Habla el Vicario Regional en Colombia, Monseñor Hernán Salcedo

El siguiente es el texto de la homilía que pronunció el 6 de octubre, V aniversario de la canonización de San Josemaría, durante la celebración eucarística que tuvo lugar en la Catedral de Bogotá.

Monseñor Hernán Salcedo, durante la bendición de la estatua de San Josemarìa en la Universidad de La Sabana

¡Dichosos los que se refugian en el Señor! (Sal 2, 12). Con estas palabras, que acabamos de cantar, el salmista proclama bienaventurados, felices a quienes buscan en el corazón de Cristo la meta de todos sus anhelos.

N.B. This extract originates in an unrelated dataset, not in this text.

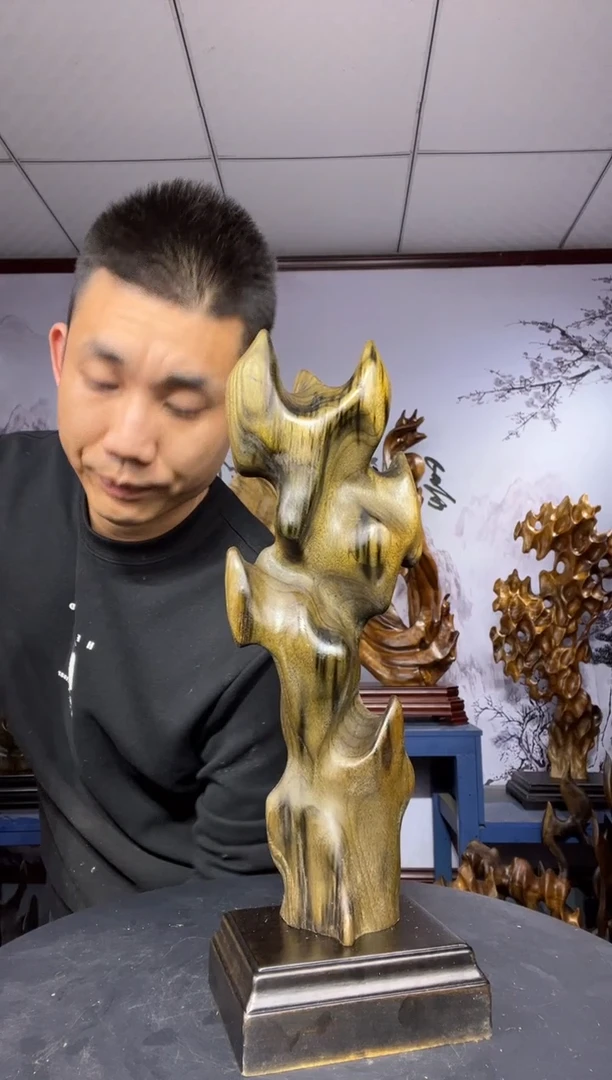 金丝楠木雕款菠***蜜金丝楠木工艺品摆件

San Josemaría sabía mucho, mucho de la alegría inefable a la que estamos destinados por el amor infinito de Dios. Hoy, al conmemorar el quinto aniversario de su Canonización, quiero dirigir la oración de los presentes hacia este don del Cielo, que nos hace saborear, en medio de nuestro diario caminar, el encuentro definitivo con nuestro Padre-Dios.

La fuente inextinguible e inexpugnable de la bienaventuranza, de la verdadera y duradera felicidad, nos la indica San Pablo en la segunda lectura de la Santa Misa : no recibisteis un espíritu de esclavitud para estar de nuevo bajo el temor, sino que recibisteis un Espíritu de hijos de adopción, en el que clamamos: «¡Abbá, Padre!» (Rm, 8). El descubrimiento de la filiación divina nos colma de un gozo sin fin, eterno; desvela el secreto más íntimo de nuestro corazón.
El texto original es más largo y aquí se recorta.